A Lomas de Zamora courthouse last Monday sentenced all 10 Buenos Aires provincial police defendants to the maximum prison term of 25 years for a trigger-happy massacre in early 1994. Yet none of the convicted policemen will go immediately to prison pending appeal. Their defence lawyers requested acquittal. The policemen, who all belonged to the Lanús detective squad, fired over 100 rounds of ammunition at two cars (a Dodge 1500 and a Peugeot 505) in the belief that they were criminals on the run. Travelling the cars were Edgardo Cicutín, Claudio Díaz, Norberto Corbo, Enrique Bielsa and Gustavo Mendoza, of whom only Díaz survived.

 

ARGENTINE TO PROBE IRAN 

Federico Villegas, the Argentine diplomat chairing the United Nations Human Rights Council announced on Tuesday that Argentine human rights activist Viviana Krsticevic, the director of the Center for Justice and International Law (CEJIL) in the United States, has been named to investigate repression in Iran as part of a group headed by Bangladeshi lawyer Sara Hossain and also including Shaheen Sardar Ali, a Pakistani law professor at the University of Warwick in Britain.

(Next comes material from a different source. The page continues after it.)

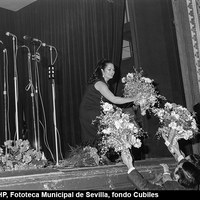 Gran Gala Fin de Fiesta de la emisión "Cita en Sevilla: Homenaje a las mejores de la Canción Andaluza" de Radio Sevilla en el teatro Lope de Vega. Juanita Reina saluda al público 1972©ICAS-SAHP, Fototeca Municipal de Sevilla, fondo Cubiles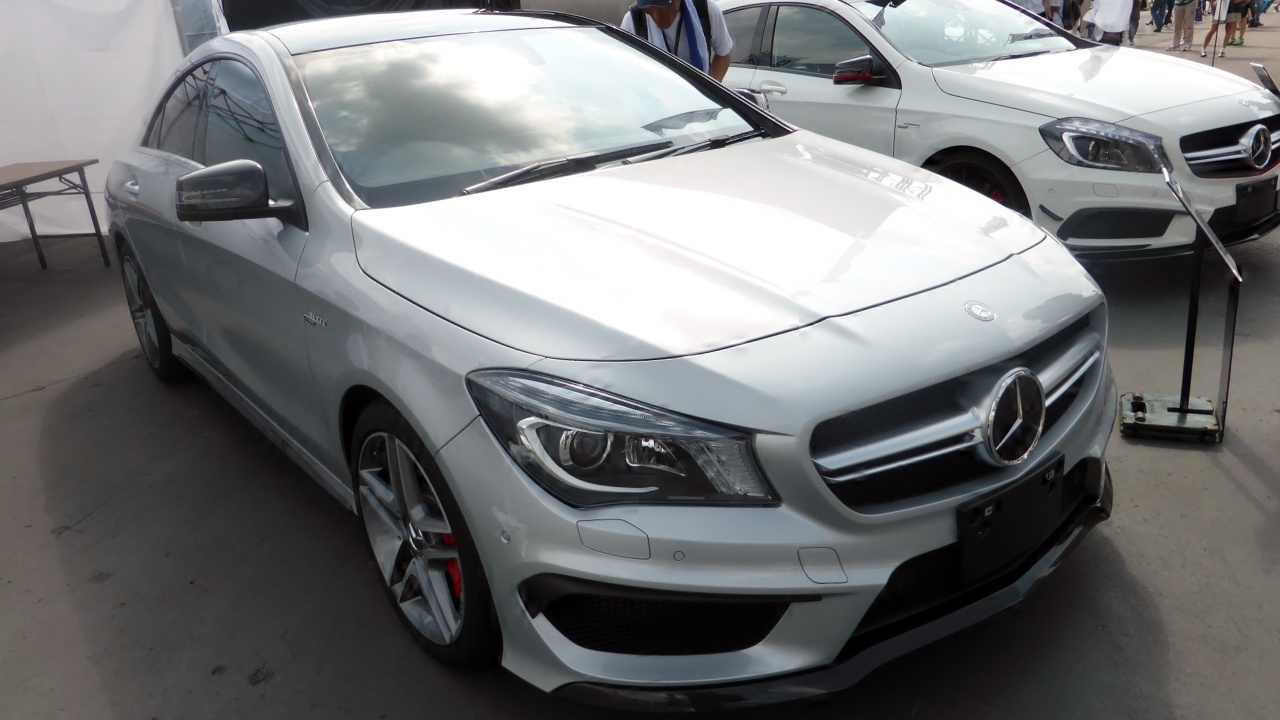 Mercedes-Benz CLA45 AMG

The team is not very optimistic about being allowed to enter Iran to carry out their mission. Iran has been torn by protests since September when the young Kurd Mahsa Amini died at the hands of the morality police after being arrested for infringing the Islamic Republic’s strict dress code. Since then almost 14,000 people have been arrested and an estimated 469 demonstrators have died with 11 sentenced to death (of whom at least two have already been executed).

 

GRANDCHILD #131

The Grandmothers of Plaza de Mayo announced on Thursday evening that they had found the 131st illegally adopted child of parents who went missing during the 1976-1983 dictatorship, the first such discovery in three years. “Again we confirm that there are almost 300 men and women with falsified identities living among us and we have the illusion of recovering more in 2023," read their press communiqué.

 

DIRTY WARRIOR SENTENCED

Former police officer Mario ‘Churrasco’ Sandoval, 69, extradited from France in 2019 where he had been living since 1985, was sentenced last Wednesday to 15 years in prison for the abduction and disappearance of a student during the dictatorship, local court sources revealed. The prosecution and the plaintiffs had requested sentences ranging from 20 years in prison to life imprisonment.